HONOLULU, Hawaii, February 22, 2005 (ENS) - Hawaiian dive and snorkel operators and local conservation organizations are partnering to raise money for marine conservation on the Big Island and Maui.

Through the newly established Reef Fund, the dive and snorkel operators solicit donations from their clients to fund high priority marine protection programs on their islands, such as the repair and installation of mooring buoys, the protection of nesting and resting beaches for rare and endangered sea turtles and monk seals, and the establishment of marine education programs.
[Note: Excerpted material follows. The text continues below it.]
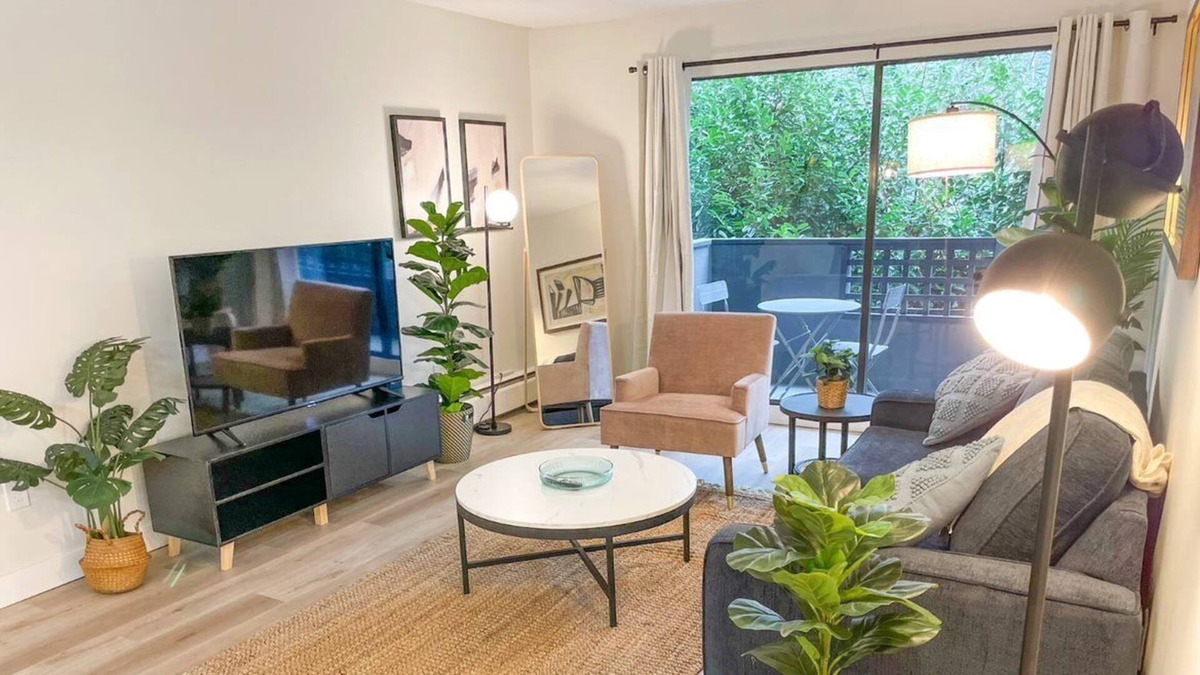 Squamish Condo | Spacious and Comfortable Suite With Full Kitchen - 10 Min From Downtown!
"The industry is leading this effort because as commercial operators, we feel that we hold the ultimate responsibility in conserving the reef resources we utilize, and the Maui Reef Fund is a positive step in this direction," said Ed Robinson, a founding member of the Maui Reef Fund and president of Ed Robinson Diving Adventures.

Kim Hum, acting marine director for The Nature Conservancy’s Hawaii Program, said, "The Nature Conservancy helped establish the Reef Fund here in Hawaii because similar programs in other parts of the world have demonstrated that most ocean users, particularly divers and snorkelers, are willing to help fund programs that protect the marine environment.

A survey done by the Conservancy and the State Division of Aquatic Resources in 2003 indicated that 80 percent of those surveyed were willing to pay $5 per snorkel day or dive day into a private fund for marine resource protection programs.

"With more than one million annual visitors to Molokini alone, the potential for this program is huge," says Hum. Considered one of the world's top 10 dive sites, the small crescent shaped island of Molokini is an extinct volcano turned state Marine Life and Bird Conservation District.

While the majority of the other fee-based marine protection funds around the world are mandated by the local or national governments, Hawaii’s is voluntary.

Lisa Choquette of Dive Makai says, "This is a program run by private businesses, conservation groups, and concerned individuals - not by the state. We are doing this because we believe that our irreplaceable marine environment must be protected, and that what is good for the environment, is good for business, plain and simple."

According to Hannah Bernard of the Hawaii Wildlife Fund, "Hawaii’s coastal waters are blessed with miles of exquisite coral reefs, and more than a quarter of the islands’ marine life is found nowhere else on Earth. Government budgets are not sufficient, particularly in Hawaii where government funding for marine management is among the lowest in the nation."

Rick Gaffney, Co-Chair of the West Hawaii Fisheries Council, adds, "While we support the state’s work, we all recognize that they lack the resources necessary to adequately manage Hawaii’s unparalleled marine resources. This is private industry’s effort to help bridge that gap."

On Maui, the Reef Fund is coordinated by the local nonprofit Hawaii Wildlife Fund. On the Big Island, the fund is managed by the Waimea based nonprofit Malama Kai Foundation. Donations collected by marine recreation operators are pooled into a collective fund on each island, and managed by the nonprofit which is advised by a committee of operators, conservationists, scientists, and other stakeholders. The advisory committees decide how the funds will be spent on their islands.